In the material below, find the line that contains "Краткое описание пользовательского" and the line that contains "Color Nymph All", then write out exactly those two lines and everything between them.
Top of DATASET RECORDS
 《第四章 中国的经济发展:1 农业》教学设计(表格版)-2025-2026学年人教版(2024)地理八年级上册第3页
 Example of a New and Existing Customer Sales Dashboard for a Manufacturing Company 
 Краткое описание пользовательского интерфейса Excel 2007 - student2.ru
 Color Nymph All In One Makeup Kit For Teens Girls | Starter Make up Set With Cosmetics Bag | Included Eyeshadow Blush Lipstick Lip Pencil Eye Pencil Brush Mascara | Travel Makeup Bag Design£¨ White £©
Bottom of DATASET RECORDS
Top of DATASET RECORDS
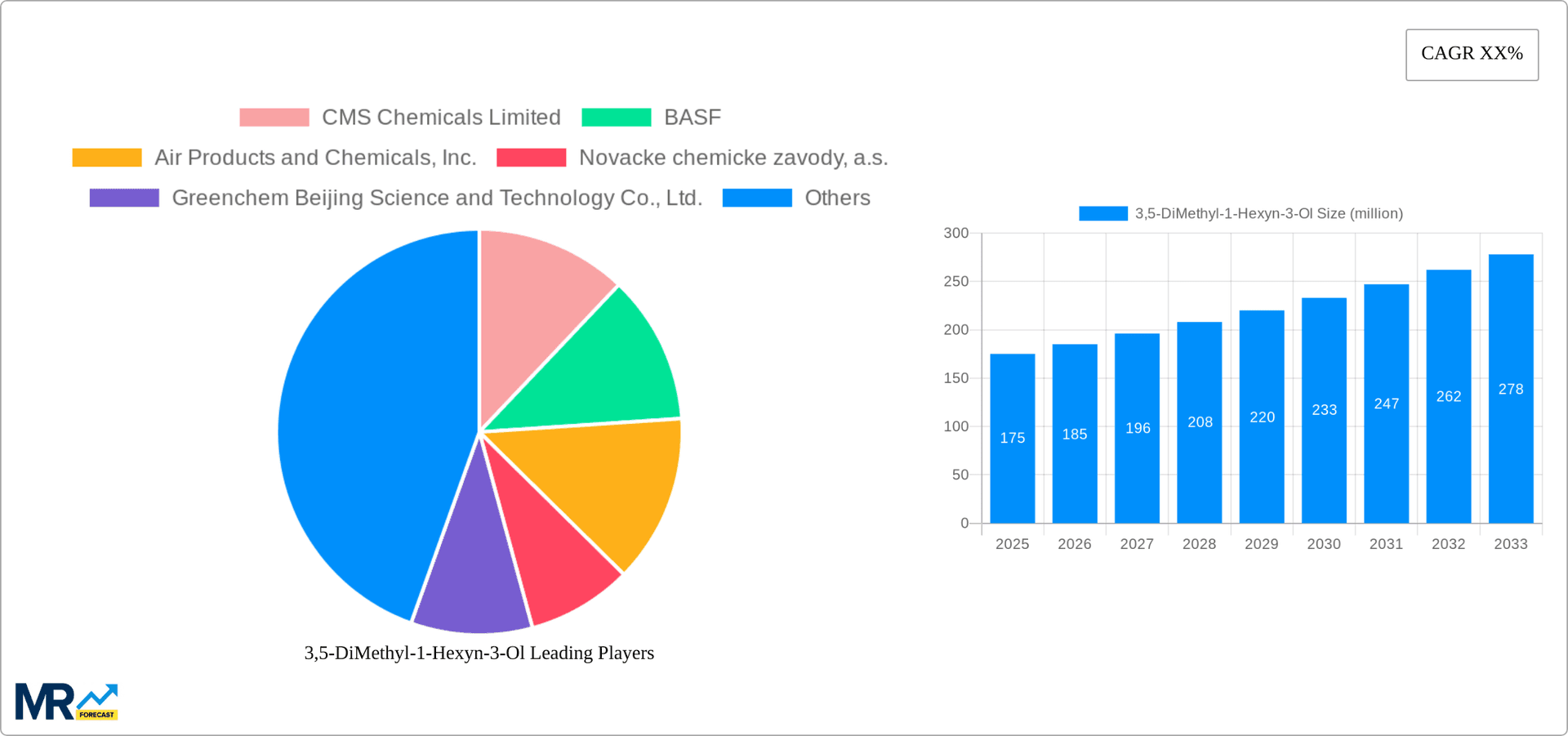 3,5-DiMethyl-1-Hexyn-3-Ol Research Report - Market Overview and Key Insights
Bottom of DATASET RECORDS
* [SOLUTION TO THIS TASK]:
 Краткое описание пользовательского интерфейса Excel 2007 - student2.ru
 Color Nymph All In One Makeup Kit For Teens Girls | Starter Make up Set With Cosmetics Bag | Included Eyeshadow Blush Lipstick Lip Pencil Eye Pencil Brush Mascara | Travel Makeup Bag Design£¨ White £©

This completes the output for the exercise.